Lamar Arrington maneuvered the canoe through a shallow shoal area on the Chunky River like only an expert canoeist could. While Arrington had made this trek many times before, this time he was in search of the feisty Kentucky spotted bass that inhabits the Chunky and many shallow-water streams, creeks and rivers around the state.

Once on the downriver side of the shoals, he began working the shady section of the creek with a chrome Devil's Horse. It only took the angler a couple of casts to draw his first strike as a spotted bass smashed his offering. After a short, powerful battle, Arrington landed and admired the diminutive torpedo, and then released it to grow up and fight another day.

Joining him along the calmer waters below the shoals, I began to cast a Worden's Rooster Tail inline spinner. As soon as my bait neared the shadow line, a bass struck the lure, and the fight was on. Seconds later, I had landed my first spotted bass as well.
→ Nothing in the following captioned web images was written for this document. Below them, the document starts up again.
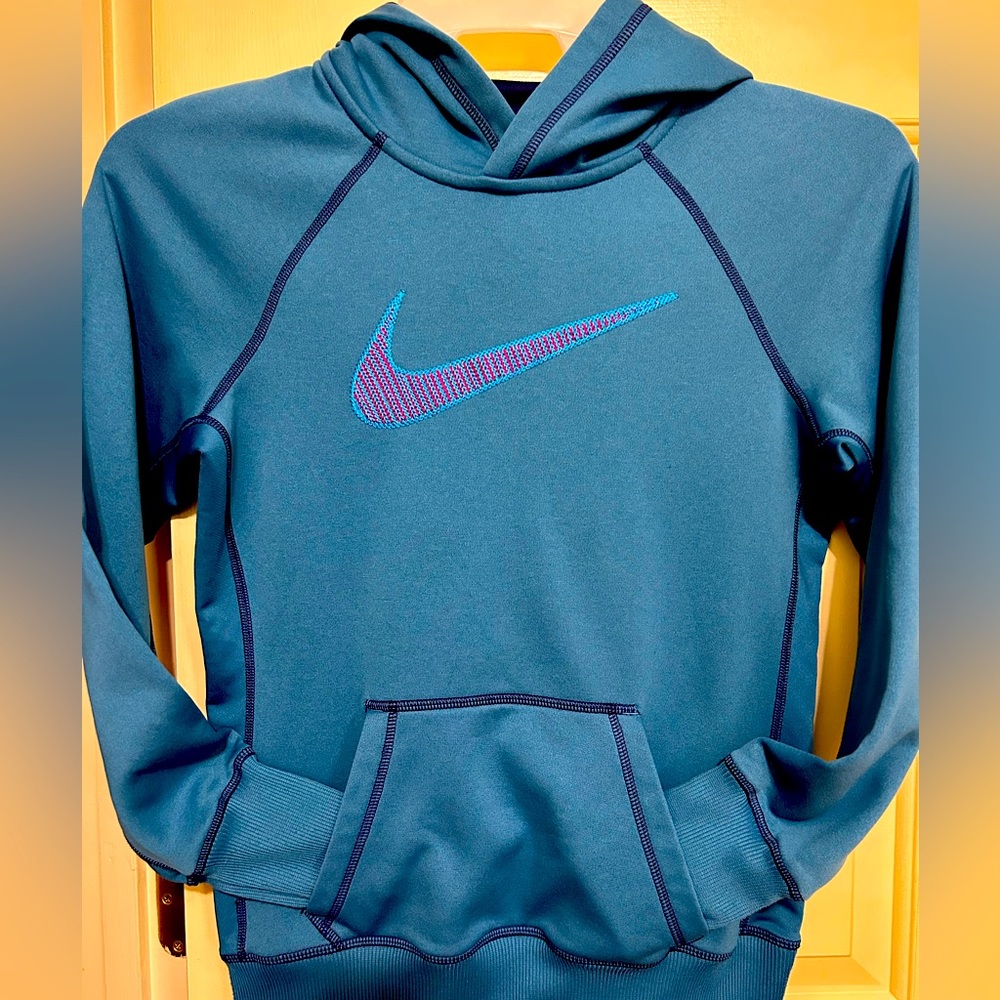 Nike Teal Blue Hoodie with Multicolor Swoosh
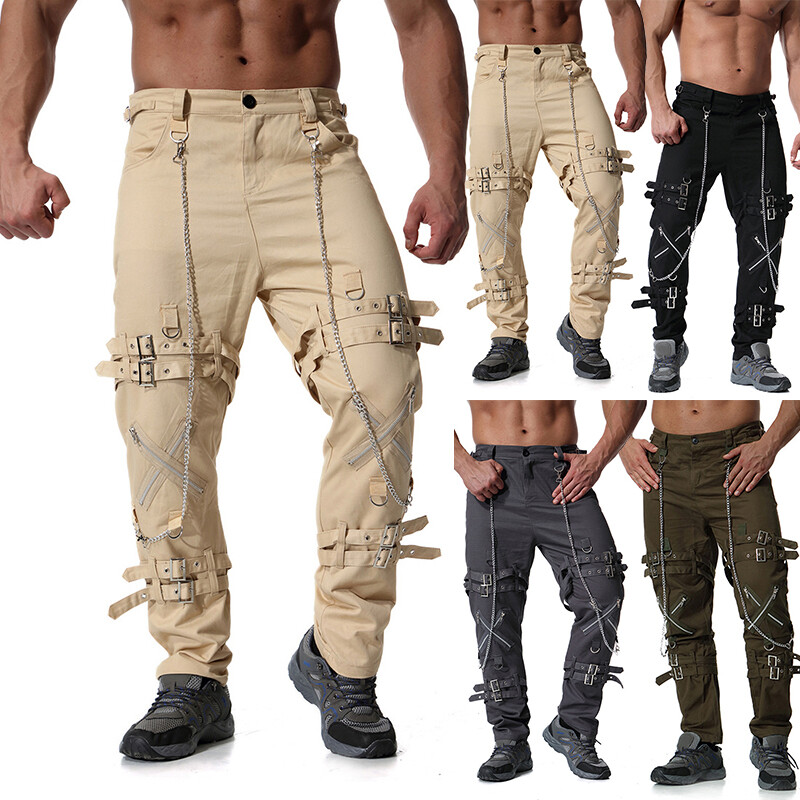 Hot Mens Club Hip Hop Pants Zipper Chain Metals Gothic Military Biker Trousers Hot Mens Club Hip Hop Pants Zipper Chain Metals Gothic Military Biker Trousers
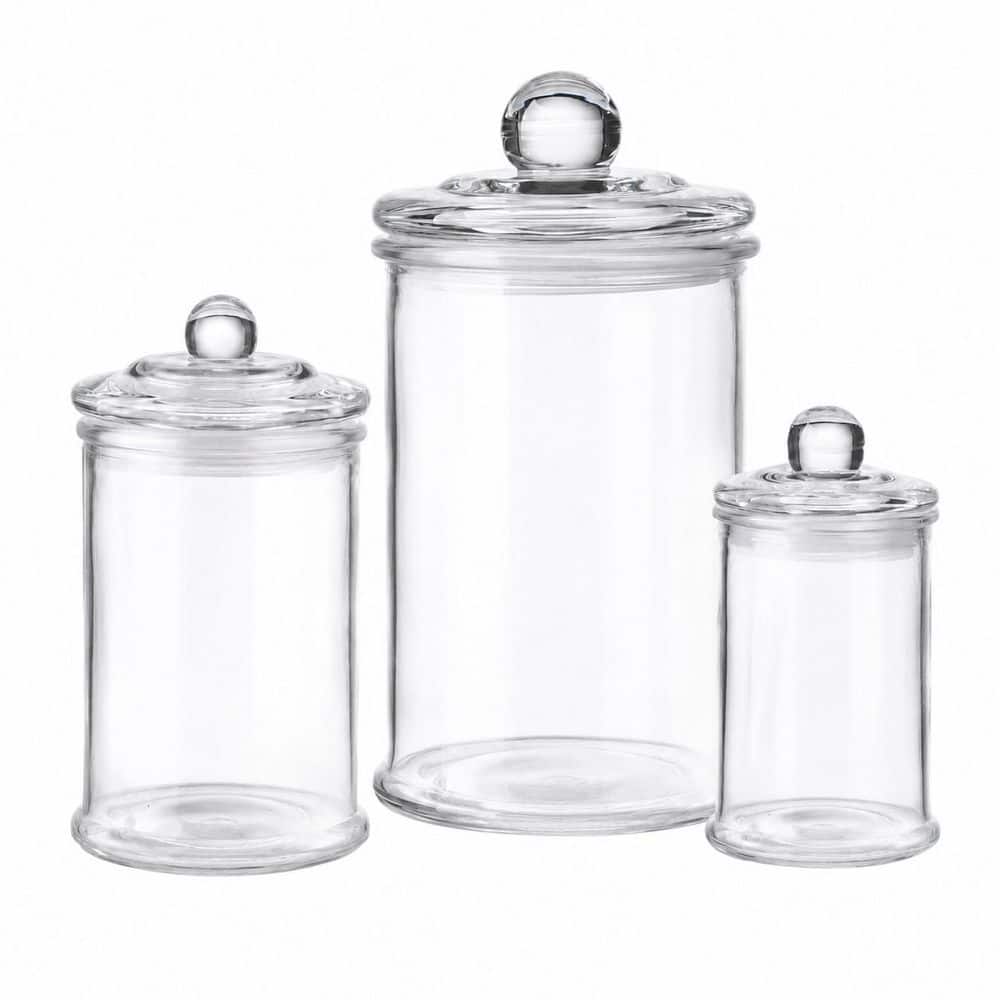 Set of 3 Clear Glass Apothecary Jars with Lids for Bathroom Storage and Vanity Organization Containers price history on PriceWatchPro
Over the next 30 minutes, we alternately caught, landed and missed bass after bass. While Arrington worked the surface with the topwater bait, I probed the depths with the inline spinner. The Rooster Tail was a childhood favorite of many of my friends, but I had never fished it much until recently.

In fact, I had rediscovered the lure after talking with a fellow angler. After telling Roy Gentry about missing many strikes on my creek trips, he told me that he had used the Rooster Tail on the Chickasawhay River with great results.

"We caught a variety of bass, bream and crappie on the Rooster Tail," related the veteran angler.

If they strike the Rooster Tail, you will very seldom miss the hookup, like you might with other single-hook lures. And the lure also works well in only inches of water.

The shoal areas typically have a pool of deeper water just before and right below the rocky shoals. If the water is deep enough in front of the shoals, some bass will position themselves where they can attack baitfish being swept past.

While some fish may be caught in the area just above the shoals, Arrington prefers concentrating on the section of water just below. The fish will stack up in the downstream section where the water swirls and slowly curls back before flowing downstream. Many bass lay in those eddies in the slack-water areas and feast on unsuspecting prey that have just been swept through the shoals.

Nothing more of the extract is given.